**What needs to be done:**
Lines from the line with "Londji - Entdecke" to the line with "LOEWE GRAINED CALFSKIN" in the entries below, and only those, must be output exactly, with both ends included.

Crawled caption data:
::::::::
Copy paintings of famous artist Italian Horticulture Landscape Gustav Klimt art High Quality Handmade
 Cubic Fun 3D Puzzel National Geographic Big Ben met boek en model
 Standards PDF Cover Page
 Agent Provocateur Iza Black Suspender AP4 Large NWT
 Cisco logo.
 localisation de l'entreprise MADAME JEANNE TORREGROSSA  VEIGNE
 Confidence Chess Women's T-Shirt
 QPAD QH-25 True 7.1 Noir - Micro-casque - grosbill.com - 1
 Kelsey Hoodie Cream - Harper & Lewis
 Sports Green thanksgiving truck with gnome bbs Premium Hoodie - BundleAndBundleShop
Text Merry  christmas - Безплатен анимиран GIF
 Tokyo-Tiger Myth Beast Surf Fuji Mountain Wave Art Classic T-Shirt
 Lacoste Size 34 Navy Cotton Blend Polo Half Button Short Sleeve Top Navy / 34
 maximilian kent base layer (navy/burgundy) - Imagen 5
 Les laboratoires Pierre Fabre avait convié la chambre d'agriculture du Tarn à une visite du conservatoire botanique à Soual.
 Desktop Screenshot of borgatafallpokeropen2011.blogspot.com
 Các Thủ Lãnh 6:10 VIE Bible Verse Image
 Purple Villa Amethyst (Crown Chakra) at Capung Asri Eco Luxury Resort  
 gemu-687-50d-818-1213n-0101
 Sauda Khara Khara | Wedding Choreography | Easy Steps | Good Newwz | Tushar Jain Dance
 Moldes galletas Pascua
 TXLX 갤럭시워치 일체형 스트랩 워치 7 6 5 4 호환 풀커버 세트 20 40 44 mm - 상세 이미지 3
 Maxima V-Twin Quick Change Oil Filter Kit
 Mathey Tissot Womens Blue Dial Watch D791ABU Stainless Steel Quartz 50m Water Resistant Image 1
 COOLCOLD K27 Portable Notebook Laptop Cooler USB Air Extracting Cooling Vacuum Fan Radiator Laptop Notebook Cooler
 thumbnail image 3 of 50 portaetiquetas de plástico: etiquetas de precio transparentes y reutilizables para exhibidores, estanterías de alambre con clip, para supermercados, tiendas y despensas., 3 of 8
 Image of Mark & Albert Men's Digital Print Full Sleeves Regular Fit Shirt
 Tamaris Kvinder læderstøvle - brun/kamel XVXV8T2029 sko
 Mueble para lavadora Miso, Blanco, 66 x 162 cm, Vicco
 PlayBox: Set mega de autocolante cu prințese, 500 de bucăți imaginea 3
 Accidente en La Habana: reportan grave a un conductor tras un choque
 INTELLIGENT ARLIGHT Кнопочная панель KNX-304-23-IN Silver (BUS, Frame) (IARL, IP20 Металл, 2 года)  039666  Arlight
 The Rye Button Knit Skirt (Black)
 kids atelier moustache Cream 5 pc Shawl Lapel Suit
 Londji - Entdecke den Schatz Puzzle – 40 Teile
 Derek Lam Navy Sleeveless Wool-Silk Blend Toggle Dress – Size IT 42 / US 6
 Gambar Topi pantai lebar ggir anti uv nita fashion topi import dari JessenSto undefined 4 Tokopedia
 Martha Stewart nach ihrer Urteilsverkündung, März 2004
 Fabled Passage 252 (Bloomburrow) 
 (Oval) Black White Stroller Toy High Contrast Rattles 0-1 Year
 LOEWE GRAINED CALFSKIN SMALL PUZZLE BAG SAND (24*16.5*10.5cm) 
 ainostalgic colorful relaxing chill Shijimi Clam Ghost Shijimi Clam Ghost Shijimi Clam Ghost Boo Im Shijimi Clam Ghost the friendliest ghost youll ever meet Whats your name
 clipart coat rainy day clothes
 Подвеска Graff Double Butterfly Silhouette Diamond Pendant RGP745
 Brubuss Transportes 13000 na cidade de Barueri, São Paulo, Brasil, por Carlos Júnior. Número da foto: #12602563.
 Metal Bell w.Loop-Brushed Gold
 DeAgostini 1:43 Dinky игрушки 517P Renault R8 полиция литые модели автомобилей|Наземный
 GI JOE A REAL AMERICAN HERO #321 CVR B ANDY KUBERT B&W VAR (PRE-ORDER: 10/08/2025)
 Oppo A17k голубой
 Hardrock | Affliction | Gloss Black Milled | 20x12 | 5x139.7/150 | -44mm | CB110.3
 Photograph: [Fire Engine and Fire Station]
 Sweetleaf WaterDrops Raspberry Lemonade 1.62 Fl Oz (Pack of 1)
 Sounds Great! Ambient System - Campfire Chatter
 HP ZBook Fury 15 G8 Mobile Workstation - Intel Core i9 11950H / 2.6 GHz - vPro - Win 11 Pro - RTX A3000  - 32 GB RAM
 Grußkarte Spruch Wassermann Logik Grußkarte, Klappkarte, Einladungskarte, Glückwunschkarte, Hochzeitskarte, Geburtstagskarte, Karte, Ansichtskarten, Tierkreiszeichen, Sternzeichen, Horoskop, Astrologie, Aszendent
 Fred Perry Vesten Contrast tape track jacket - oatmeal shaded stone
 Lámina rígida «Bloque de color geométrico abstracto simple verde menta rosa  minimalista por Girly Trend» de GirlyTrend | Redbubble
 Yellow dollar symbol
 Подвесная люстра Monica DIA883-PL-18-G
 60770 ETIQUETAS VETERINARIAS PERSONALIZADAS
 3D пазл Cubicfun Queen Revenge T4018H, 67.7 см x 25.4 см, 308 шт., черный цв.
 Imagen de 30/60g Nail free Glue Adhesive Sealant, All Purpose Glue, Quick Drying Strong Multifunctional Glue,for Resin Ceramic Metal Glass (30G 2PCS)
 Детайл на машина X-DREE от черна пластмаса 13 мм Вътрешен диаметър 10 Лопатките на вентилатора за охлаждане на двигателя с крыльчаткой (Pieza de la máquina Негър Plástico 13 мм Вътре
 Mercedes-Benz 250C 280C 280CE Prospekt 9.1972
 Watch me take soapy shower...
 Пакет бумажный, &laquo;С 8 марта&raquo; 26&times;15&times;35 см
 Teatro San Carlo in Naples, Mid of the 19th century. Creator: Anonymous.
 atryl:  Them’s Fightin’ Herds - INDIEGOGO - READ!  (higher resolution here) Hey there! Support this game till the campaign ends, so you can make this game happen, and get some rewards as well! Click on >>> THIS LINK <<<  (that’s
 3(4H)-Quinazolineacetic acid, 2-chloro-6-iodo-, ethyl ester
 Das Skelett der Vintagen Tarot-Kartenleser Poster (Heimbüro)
::::::::
**Answer to this exercise:**
 Londji - Entdecke den Schatz Puzzle – 40 Teile
 Derek Lam Navy Sleeveless Wool-Silk Blend Toggle Dress – Size IT 42 / US 6
 Gambar Topi pantai lebar ggir anti uv nita fashion topi import dari JessenSto undefined 4 Tokopedia
 Martha Stewart nach ihrer Urteilsverkündung, März 2004
 Fabled Passage 252 (Bloomburrow) 
 (Oval) Black White Stroller Toy High Contrast Rattles 0-1 Year
 LOEWE GRAINED CALFSKIN SMALL PUZZLE BAG SAND (24*16.5*10.5cm) 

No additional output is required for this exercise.